» **WORK ITEM**:
Pictures excluded, please transcribe exactly the lines from the one with "boiled egg halves" through the end of the records below, and nothing more.

-------- SOURCE INFORMATION --------

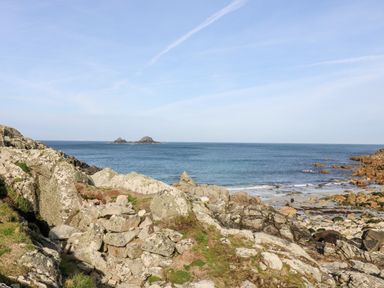 A rocky coastline with a view of the sea and small islands at Sunset in St Just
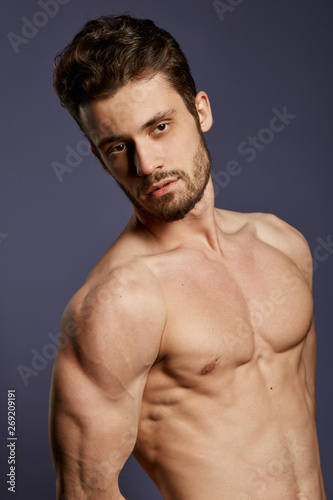 gorgeous man with showing his nude strong body. close up cropped photo. studio shot.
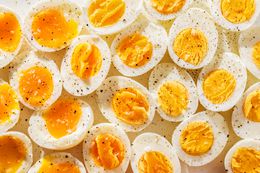 boiled egg halves topped with salt and pepper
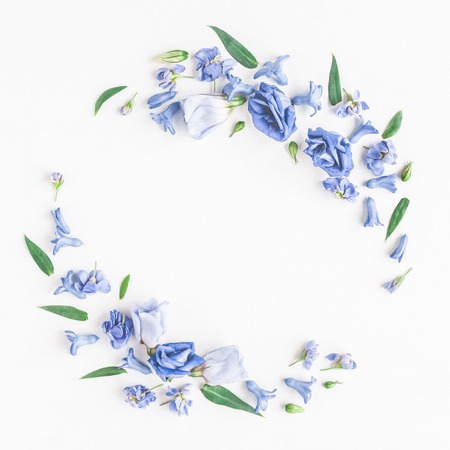 Flowers composition. Wreath made of blue flowers on white background. Flat lay, top viewの写真素材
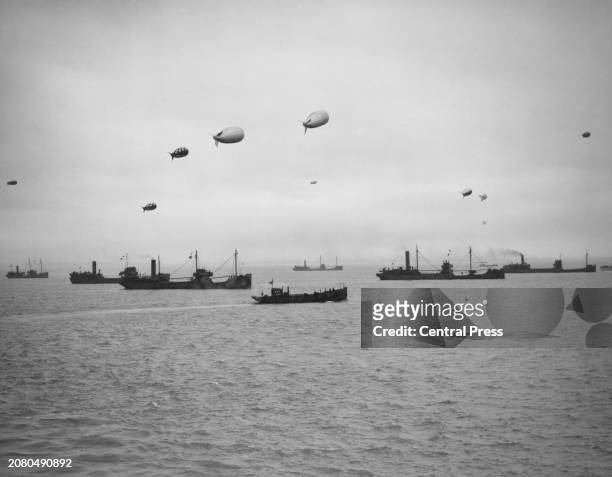Convoy of merchantmen and colliers protected by warships of the Royal Navy and anti aircraft barrage balloons assemble off the North West Coast of...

--------

» **SOLUTION FOR THIS TASK**:
 boiled egg halves topped with salt and pepper
 Flowers composition. Wreath made of blue flowers on white background. Flat lay, top viewの写真素材
Convoy of merchantmen and colliers protected by warships of the Royal Navy and anti aircraft barrage balloons assemble off the North West Coast of...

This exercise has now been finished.